PROBLEM DETAILS:
Work out how many lines of the listing hold "Extérieur", then state only that count.

DATA TO EXAMINE:
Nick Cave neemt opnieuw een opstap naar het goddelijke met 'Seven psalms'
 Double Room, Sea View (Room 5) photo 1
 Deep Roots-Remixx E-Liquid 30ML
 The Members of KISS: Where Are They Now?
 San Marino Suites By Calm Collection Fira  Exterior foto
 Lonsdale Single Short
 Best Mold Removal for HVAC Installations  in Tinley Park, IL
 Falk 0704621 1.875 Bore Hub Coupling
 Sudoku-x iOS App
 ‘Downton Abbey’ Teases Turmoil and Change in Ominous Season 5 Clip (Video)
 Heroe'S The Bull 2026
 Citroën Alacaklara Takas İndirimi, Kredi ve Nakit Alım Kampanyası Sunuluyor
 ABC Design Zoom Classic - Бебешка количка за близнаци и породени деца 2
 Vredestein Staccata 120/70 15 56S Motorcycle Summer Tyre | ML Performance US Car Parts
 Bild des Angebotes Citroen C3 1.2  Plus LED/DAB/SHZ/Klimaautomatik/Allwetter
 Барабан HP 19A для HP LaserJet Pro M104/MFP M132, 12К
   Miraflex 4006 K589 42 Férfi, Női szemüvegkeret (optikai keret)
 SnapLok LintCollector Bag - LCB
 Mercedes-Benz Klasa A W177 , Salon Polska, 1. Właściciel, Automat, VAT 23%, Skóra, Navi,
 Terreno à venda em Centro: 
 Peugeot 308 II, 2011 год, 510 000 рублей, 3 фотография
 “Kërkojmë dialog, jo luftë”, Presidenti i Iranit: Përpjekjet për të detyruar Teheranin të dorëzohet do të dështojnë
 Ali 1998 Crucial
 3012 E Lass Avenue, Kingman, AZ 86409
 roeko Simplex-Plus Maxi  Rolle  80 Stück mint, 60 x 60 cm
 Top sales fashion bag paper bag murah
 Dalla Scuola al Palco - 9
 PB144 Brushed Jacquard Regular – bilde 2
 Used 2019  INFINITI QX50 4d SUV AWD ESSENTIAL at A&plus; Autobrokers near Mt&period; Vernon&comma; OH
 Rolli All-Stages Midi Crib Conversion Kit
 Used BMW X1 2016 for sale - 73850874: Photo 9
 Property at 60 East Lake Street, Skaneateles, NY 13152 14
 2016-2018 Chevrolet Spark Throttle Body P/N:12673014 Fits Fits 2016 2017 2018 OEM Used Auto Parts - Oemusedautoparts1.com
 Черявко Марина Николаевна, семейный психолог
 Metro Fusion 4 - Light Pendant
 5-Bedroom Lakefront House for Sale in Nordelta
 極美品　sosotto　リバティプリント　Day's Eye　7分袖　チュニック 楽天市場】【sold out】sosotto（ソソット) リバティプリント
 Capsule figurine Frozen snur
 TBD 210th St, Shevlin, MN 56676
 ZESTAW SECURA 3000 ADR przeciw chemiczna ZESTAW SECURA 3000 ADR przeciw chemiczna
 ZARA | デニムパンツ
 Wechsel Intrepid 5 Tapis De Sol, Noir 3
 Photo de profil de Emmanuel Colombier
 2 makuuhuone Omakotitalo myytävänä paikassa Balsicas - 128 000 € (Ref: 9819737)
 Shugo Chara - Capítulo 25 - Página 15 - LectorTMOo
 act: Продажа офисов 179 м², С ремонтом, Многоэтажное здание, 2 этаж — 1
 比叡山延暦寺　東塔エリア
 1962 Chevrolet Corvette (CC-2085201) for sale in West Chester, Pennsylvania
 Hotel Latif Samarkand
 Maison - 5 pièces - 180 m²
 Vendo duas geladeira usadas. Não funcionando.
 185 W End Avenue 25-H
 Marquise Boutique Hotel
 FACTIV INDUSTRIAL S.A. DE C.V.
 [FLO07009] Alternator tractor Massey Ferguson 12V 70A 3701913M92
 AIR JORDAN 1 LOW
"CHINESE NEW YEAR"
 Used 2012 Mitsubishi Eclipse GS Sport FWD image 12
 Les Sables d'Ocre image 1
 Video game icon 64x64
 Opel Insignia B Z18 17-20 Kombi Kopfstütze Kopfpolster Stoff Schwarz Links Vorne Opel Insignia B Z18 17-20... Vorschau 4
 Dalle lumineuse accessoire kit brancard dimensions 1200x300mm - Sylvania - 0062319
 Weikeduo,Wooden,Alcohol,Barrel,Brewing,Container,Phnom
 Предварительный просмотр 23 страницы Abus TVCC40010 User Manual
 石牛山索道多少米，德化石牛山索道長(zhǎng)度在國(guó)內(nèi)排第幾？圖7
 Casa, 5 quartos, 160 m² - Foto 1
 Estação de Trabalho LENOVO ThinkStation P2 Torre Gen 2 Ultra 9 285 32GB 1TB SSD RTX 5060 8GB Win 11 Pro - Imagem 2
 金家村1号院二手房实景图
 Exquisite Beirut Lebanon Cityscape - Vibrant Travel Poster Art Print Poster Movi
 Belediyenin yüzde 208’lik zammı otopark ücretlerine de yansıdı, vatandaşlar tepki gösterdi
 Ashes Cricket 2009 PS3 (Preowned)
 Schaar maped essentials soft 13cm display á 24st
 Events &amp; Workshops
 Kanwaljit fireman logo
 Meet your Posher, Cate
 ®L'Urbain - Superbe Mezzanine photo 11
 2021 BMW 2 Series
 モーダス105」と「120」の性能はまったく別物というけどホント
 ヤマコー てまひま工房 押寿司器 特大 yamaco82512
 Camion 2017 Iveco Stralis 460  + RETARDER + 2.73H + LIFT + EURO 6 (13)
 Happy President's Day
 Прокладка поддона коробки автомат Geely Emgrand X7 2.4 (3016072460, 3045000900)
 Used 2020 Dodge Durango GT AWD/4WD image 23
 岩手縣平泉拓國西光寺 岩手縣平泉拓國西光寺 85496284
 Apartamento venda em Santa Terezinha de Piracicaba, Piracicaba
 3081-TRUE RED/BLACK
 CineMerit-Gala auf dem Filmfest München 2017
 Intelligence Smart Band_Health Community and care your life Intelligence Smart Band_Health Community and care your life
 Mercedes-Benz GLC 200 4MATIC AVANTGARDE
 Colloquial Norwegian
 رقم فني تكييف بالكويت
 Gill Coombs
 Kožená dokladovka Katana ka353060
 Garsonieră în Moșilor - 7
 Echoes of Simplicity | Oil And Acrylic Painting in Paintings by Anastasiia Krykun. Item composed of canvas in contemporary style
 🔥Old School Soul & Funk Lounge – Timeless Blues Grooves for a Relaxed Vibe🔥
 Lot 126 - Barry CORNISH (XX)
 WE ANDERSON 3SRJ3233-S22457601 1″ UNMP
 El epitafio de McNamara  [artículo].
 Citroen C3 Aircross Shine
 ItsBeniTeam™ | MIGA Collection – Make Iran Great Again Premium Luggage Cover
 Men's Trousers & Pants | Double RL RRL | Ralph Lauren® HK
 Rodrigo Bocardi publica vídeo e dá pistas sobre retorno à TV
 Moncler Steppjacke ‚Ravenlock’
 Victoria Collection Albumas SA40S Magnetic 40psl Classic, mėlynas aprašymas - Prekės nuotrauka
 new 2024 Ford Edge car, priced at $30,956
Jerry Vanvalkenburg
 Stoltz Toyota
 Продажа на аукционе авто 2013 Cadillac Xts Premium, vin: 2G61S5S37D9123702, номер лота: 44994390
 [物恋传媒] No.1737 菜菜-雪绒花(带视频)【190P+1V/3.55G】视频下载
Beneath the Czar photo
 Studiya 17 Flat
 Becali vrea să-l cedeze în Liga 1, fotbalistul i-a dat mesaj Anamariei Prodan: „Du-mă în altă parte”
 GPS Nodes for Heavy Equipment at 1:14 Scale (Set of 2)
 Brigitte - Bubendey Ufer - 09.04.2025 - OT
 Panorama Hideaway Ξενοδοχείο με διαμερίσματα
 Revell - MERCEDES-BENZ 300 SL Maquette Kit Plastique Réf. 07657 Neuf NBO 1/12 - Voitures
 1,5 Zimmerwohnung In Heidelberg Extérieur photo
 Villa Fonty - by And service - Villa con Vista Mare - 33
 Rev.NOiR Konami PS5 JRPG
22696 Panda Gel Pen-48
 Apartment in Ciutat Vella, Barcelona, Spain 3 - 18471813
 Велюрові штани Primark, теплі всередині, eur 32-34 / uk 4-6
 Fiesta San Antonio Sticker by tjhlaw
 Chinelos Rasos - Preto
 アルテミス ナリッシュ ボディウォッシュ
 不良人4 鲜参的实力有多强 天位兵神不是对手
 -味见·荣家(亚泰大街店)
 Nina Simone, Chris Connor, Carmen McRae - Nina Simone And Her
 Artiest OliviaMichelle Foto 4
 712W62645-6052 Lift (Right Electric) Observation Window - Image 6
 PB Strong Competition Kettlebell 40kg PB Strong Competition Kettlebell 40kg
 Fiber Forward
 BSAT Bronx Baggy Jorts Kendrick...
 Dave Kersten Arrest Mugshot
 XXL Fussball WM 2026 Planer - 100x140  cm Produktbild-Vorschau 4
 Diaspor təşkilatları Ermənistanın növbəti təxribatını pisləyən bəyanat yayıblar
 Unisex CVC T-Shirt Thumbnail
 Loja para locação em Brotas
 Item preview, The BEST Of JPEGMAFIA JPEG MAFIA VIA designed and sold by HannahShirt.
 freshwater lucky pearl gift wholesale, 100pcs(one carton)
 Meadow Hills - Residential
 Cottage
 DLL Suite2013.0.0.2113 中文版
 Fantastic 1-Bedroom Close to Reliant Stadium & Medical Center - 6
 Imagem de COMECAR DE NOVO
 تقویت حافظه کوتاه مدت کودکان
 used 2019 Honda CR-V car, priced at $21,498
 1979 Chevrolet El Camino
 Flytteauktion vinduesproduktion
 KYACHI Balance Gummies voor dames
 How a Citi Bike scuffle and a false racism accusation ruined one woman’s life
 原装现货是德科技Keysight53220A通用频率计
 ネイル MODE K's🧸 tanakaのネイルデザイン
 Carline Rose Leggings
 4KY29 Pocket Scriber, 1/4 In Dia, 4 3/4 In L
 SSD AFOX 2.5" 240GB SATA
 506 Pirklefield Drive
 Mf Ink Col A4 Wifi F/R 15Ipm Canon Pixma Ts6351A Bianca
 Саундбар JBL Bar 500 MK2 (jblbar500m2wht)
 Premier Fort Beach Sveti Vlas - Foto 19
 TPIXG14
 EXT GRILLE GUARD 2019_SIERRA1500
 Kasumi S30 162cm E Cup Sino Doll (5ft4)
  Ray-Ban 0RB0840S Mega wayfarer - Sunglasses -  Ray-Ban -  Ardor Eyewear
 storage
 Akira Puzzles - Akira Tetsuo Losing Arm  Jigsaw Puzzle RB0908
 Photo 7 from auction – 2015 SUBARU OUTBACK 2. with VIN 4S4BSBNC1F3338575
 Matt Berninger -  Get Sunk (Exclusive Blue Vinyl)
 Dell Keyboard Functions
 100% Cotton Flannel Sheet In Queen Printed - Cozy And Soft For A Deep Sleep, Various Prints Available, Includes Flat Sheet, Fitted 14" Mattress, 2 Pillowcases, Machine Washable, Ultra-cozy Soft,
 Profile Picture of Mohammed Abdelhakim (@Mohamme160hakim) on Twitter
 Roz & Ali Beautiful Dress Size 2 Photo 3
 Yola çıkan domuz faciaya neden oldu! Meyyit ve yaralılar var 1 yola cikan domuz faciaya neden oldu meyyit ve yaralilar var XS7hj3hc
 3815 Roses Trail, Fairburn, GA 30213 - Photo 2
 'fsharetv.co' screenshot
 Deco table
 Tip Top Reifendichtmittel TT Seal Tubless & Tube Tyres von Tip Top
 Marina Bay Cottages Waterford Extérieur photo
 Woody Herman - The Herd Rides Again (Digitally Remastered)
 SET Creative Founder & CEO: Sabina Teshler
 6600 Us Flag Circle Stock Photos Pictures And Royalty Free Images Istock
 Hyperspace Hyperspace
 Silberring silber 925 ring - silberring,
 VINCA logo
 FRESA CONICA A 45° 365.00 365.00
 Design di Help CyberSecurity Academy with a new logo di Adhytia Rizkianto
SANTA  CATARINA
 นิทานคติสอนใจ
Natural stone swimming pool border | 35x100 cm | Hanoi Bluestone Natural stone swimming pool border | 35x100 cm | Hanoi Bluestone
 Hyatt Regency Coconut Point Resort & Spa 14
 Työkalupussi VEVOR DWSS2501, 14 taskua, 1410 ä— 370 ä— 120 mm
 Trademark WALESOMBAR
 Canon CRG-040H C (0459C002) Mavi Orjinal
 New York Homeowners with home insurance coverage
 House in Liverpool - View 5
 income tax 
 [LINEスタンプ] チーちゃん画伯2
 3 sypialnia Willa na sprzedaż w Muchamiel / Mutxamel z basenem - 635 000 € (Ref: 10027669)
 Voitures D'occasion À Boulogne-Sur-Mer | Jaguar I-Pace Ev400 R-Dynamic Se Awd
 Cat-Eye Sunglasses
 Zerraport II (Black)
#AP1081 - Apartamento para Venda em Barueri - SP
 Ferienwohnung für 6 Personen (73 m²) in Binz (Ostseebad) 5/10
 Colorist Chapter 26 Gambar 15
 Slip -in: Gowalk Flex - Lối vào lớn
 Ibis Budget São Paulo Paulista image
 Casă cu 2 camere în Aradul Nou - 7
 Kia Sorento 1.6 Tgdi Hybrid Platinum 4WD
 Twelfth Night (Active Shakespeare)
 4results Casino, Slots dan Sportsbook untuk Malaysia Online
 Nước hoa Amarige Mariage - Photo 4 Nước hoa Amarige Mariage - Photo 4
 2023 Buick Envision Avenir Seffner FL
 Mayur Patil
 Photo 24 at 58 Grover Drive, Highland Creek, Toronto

TASK RESULT:
2